初めて差した希望の光
曇り空に差す1本の光

突然の訪問

部屋中に漂う消毒液の匂い。
窓を見れば死ぬほど見た景色。

ガラッ

「おはよう。優羽ちゃん。」
「おはようございます...。」
昔から私をよく気にかけてくれる看護師さんが今日も予定を伝えに来た。
「今日は検査の日だから、早めに準備してね。」
「・・・はい。」

パタン……

「・・・。」
今日から新学期くらいかな?普通だったら今頃私も・・・。
また検査か。私なんて検査しても意味無いのにね。どうせなら今すぐ死んだほうがマシ。そう言いながら長い間切ってない少しカールのかかった長い黒髪を鏡を見ながらとかす。
「・・・長い間髪切ってないな・・・。」
「切ったって意味無いか。どうせ死んじゃうんだし...。」
お母さんやお父さん達は私を悲しませないように隠してるつもりなのだろうけど、聞いちゃったもん。あと3ヶ月しか生きれないって。そんなの聞いてまだ治るかもなんて希望持つ方がバカだよね。

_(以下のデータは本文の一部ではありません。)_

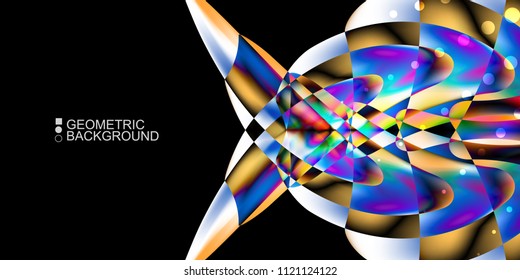 Geometric abstract background template with fluid waves in blurred colors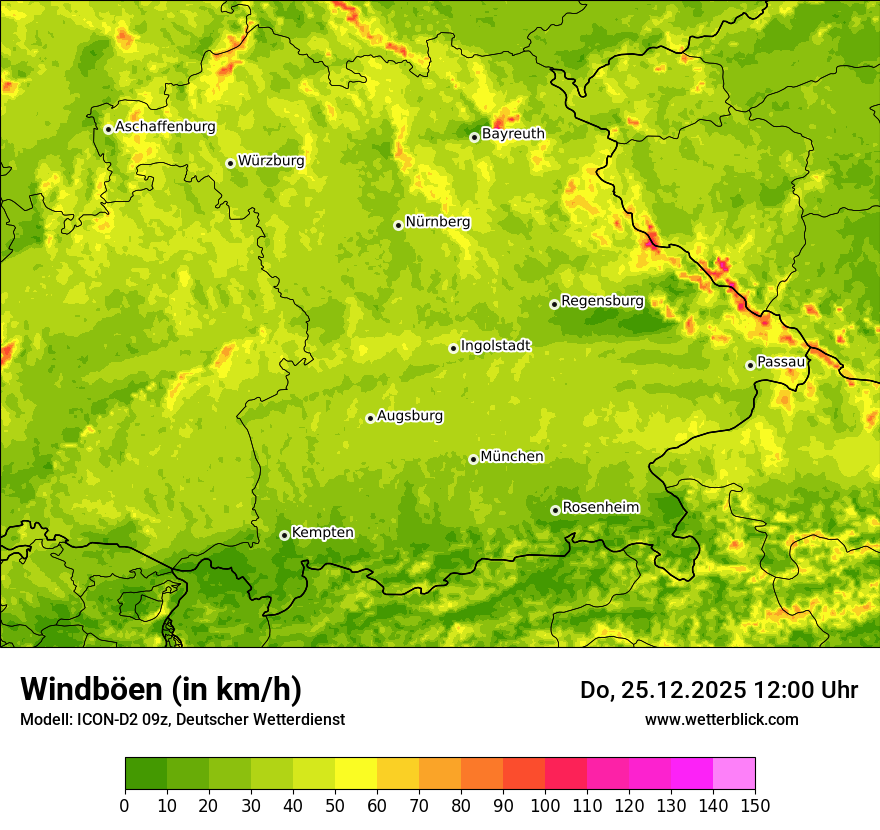 Modellkarten Windgeschwindigkeit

そう言いながら心臓を軽く叩く。
「この心臓が元気だったらな...。なんて」
神様ってホントに不公平だ。どうして私がこんな思いしなきゃ行けないの?そう言いながら見慣れた景色を眺める。
「私って生きる意味あるのかな...」

『んなのあるに決まってんだろ。』

「え?」
そう言いながら振り返るとそこには私よりも10cmくらい背が高く、綺麗な蜂蜜色の髪の毛、まるで太陽かのように微笑む子がドアにもたれて立っていた。